Problem 4.3
a.Using R, load the data, check the variables, and find those that you will need to create a contingency table for showing top choice of water versus their usual water source. Label your rows and columns. Include as many additional code chunks and explanation areas as needed
df <- read.csv("WaterTaste.csv")
ls(df)
## [1] "Age" "Class" "FavBotWatBrand" "First"
## [5] "Fourth" "Gender" "Preference" "Second"
## [9] "Third" "UsuallyDrink"
I used ls to first verify the variables in the data frame.
df$First <- as.factor(df$First)
df$UsuallyDrink <- as.factor(df$UsuallyDrink)
Changing the variables we are testing from characters to factors.
contTable <-table(df$First, df$UsuallyDrink)
(contTable)
##
## Bottled Filtered Tap
## Aquafina 14 4 7
## Fiji 15 10 16
## SamsChoice 8 9 7
## Tap 4 3 3
Putting the two variables we are testing, the first choice of water and the water that is usually drank into a table.

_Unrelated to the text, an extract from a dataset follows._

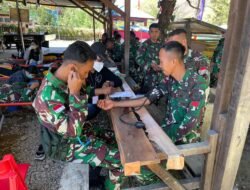 Yonif 721/Makkasau Bersinergi di HUT Bhayangkara ke-77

H0:The distribution of the first water choice and the usually water drank are independent of each other.
Ha:The distribution of the first water choice and the usually water drank are dependent on each other.
chisq.test(contTable)
## Warning in chisq.test(contTable): Chi-squared approximation may be incorrect
##
## Pearson's Chi-squared test
##
## data: contTable
## X-squared = 4.9725, df = 6, p-value = 0.5473
One limitation that occurred is that above the Chi-squared test a warning message popped up, Chi-squared approximation may be incorrect, which could mean the values are wrong. Another limitation is that there should be at least 6 observations for each value in the table, but some of them for the tap water is below 6, so that is another limitation.
Since the p-value is greater than 0.05, we reject the null hypothesis which means that the first choice of water and the water usually drank are dependent on each other. Since they are dependent on each other there is a coorelation between the two.